Dim Sum Sundays

dimsum

This year, I’ve made it a point to reserve Sundays for mass and a little downtime with Kev. We’ve become that subtly annoying couple that snicker when the choir hits an off note, or when the priest dozes off during the first reading. It has become some sort of entertainment for us, yet we enjoy taking an hour of our day to thank God for what we have and ask him to inspire the other to treat the next meal. Thankfully my requests to be treated to brunch or lunch at a restaurant of my choice are always answered…which is why I choose dim sum most Sundays. I suppose it’s the variety of dumplings, char siu bao, puffs, and dipping sauces that convince me it’s the more exciting, yet affordable type of meal we can get on a lazy Sunday. Plus, the wait is never out the door at Chinese restaurants.

We usually hit up the dim sum at Happy Days along Waialae Avenue because it’s consistent and affordable. We don’t feel guilty ordering more than our fair share of shrimp dumplings or taro puffs.

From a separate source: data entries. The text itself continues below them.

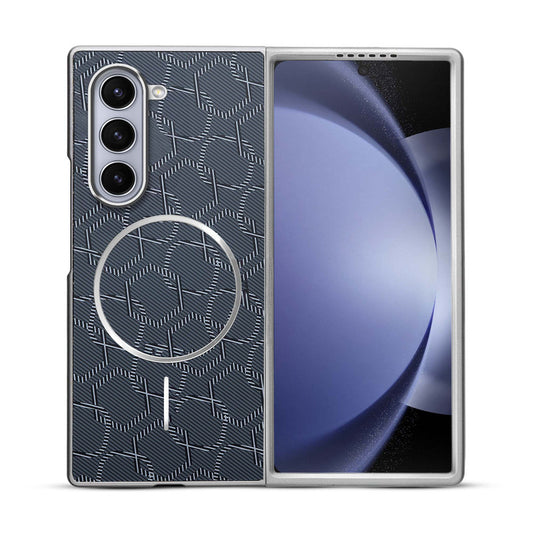 Flexible TPU Back Cover for Samsung Z Fold 5 with MagSafe Support & Unique Printed Designs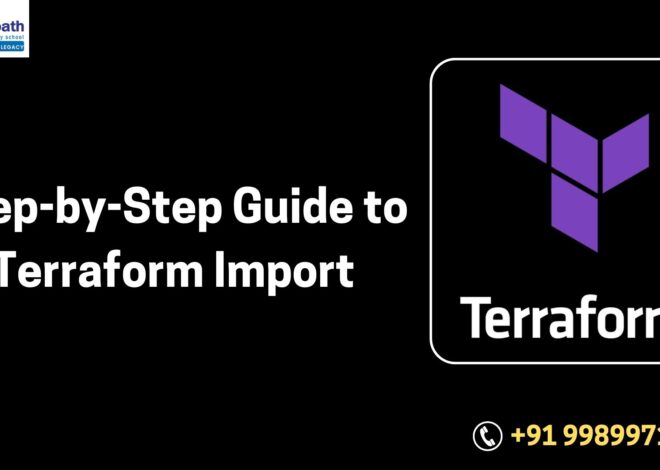 Step-by-Step Guide to Terraform Course Online Import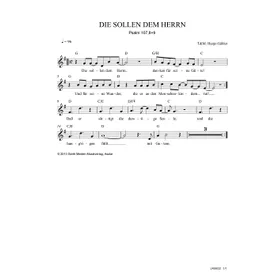Produktbild des Artikels Die sollen dem Herrn danken (Noten - Download)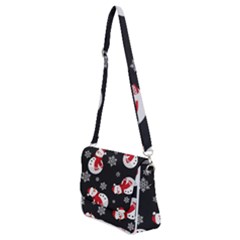 Shoulder Bag with Back Zipper 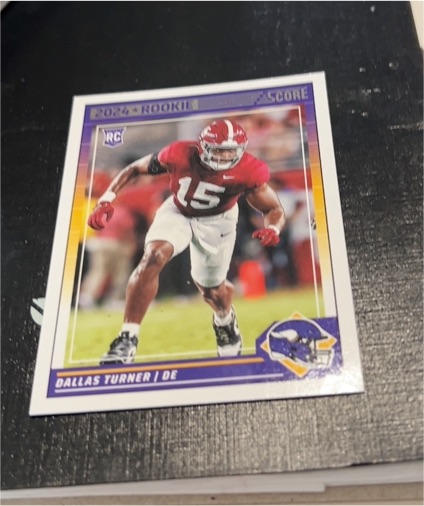 2024 Score #308 Dallas Turner — front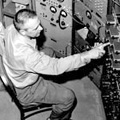 Clyde Cowan conducting the neutrino experiment, (circa 1956)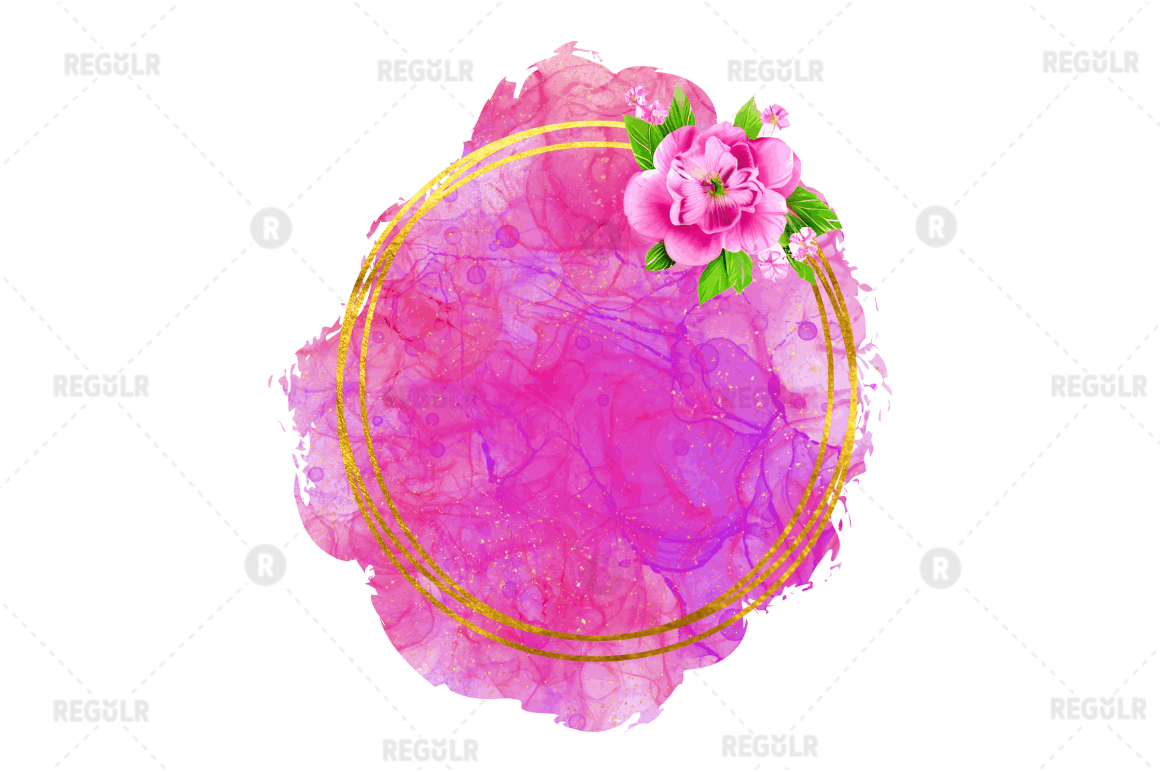 Watercolor Floral Sublimation Background Bundle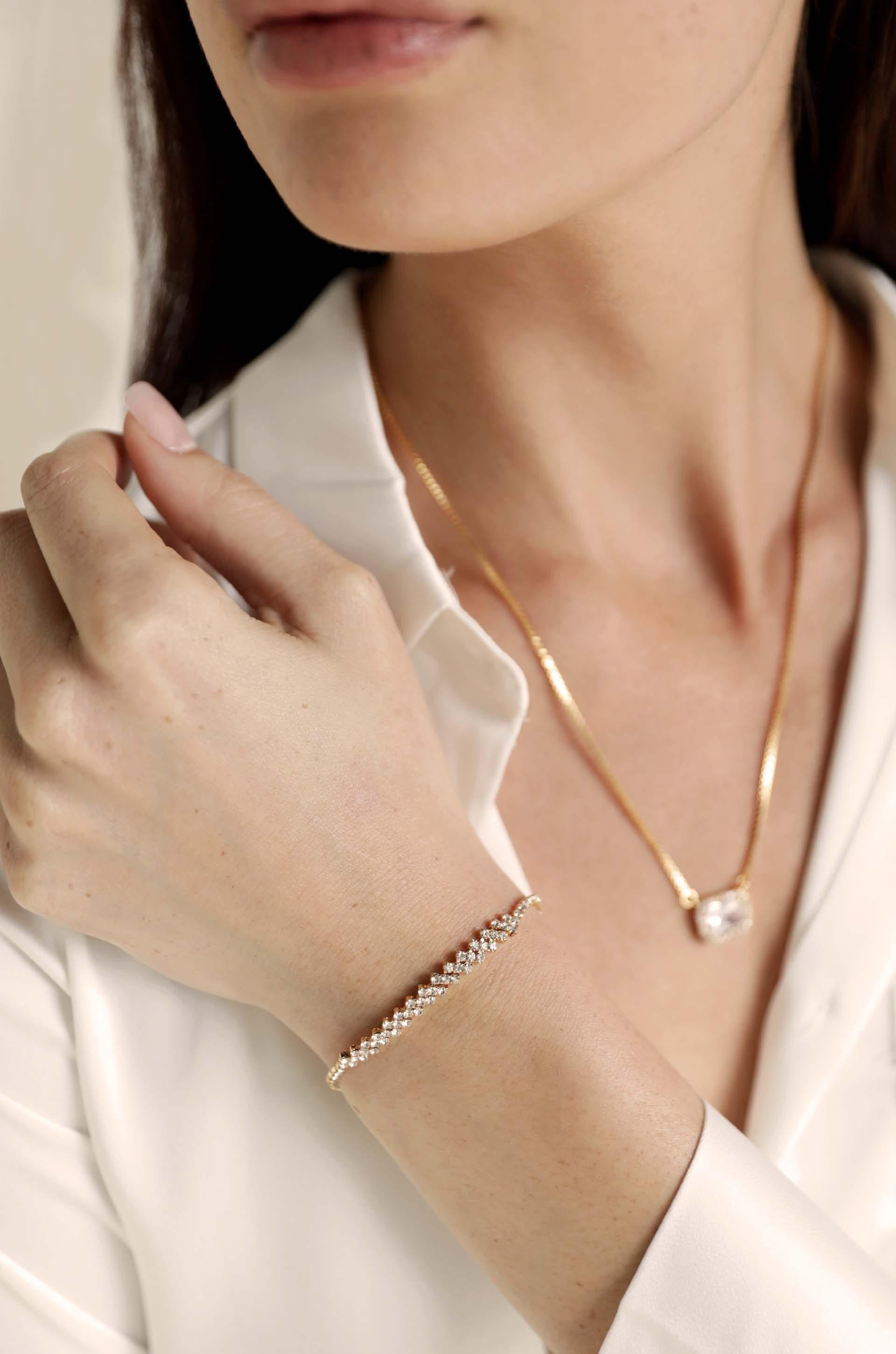 Delicate Shine Adjustable Bracelet - Flying Tomato - Bracelets - Ettika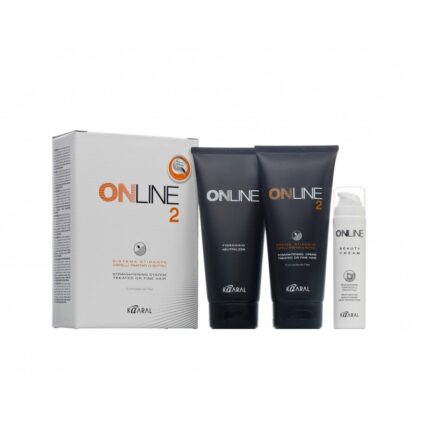 Крем выпрямляющий № 2 для окрашенных и слабых волос, Online hair straightening № 2, 445 мл.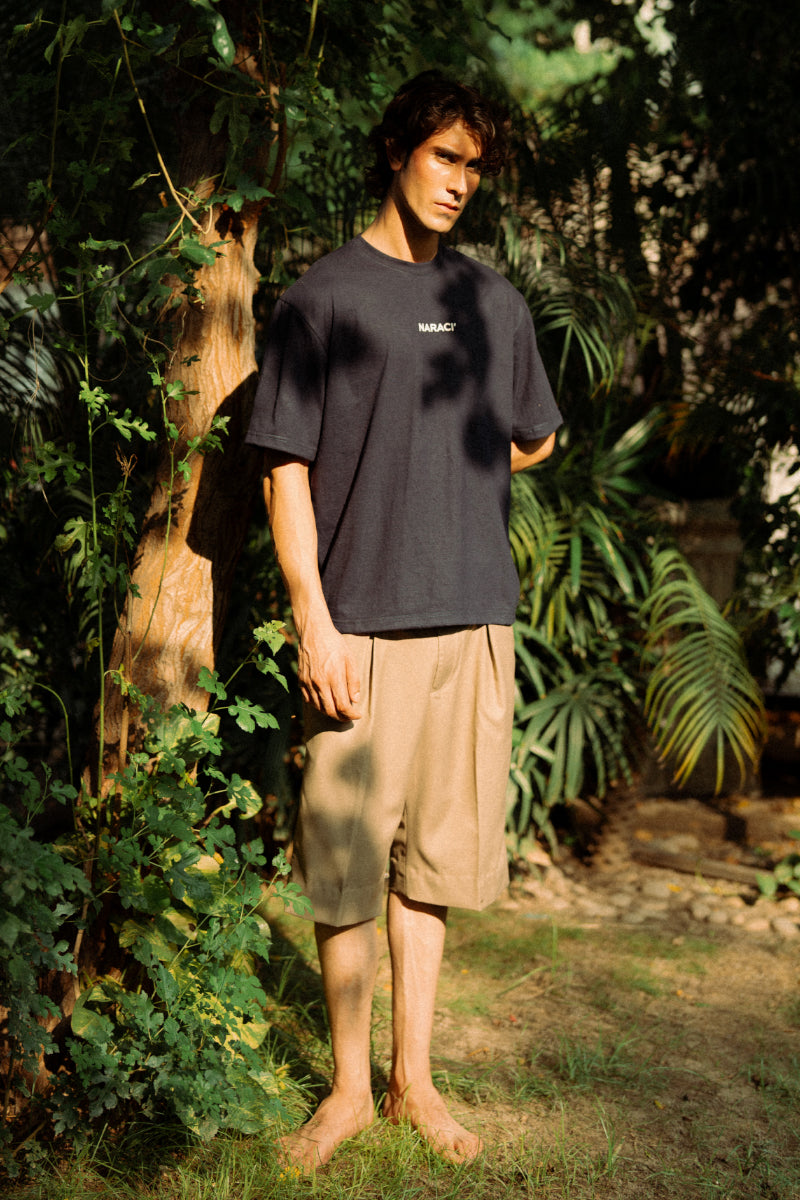 Blue Printed T-Shirt (Unisex)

This is our go-to in town because it’s close to the gelato shoppe, you know, just in case we’re craving a sweet treat after our crispy, hot jin dui.

When we feel like splurging, we head towards the dim sum restaurant near my house, Harbor Village Cuisine. The dim sum is nicely presented on a menu. No loud, sizzling or steamy carts around here. I fancy the spinach and shrimp dumplings and the mochi rice here because it feels like they put a little more love into making it.

It’s rare that we wake up early enough to hit up the early mass. But when we do, we end early and crave some of the “local” dim sum at Char Hung Sut in Downtown Honolulu. My extended family owns the take-out dim sum shop. They learned the recipes from my great grandmother and are best known for their manapua, mai tai tsu, and half moon. I can’t stress how tasty they make these dishes. If I had to choose a meal that described my childhood, it’d be this type of dim sum because it was like a treat to have each summer. It’s a comforting type of meal that can be eaten for breakfast, lunch, and dinner. Yes, in my family, dim sum can be eaten around the clock.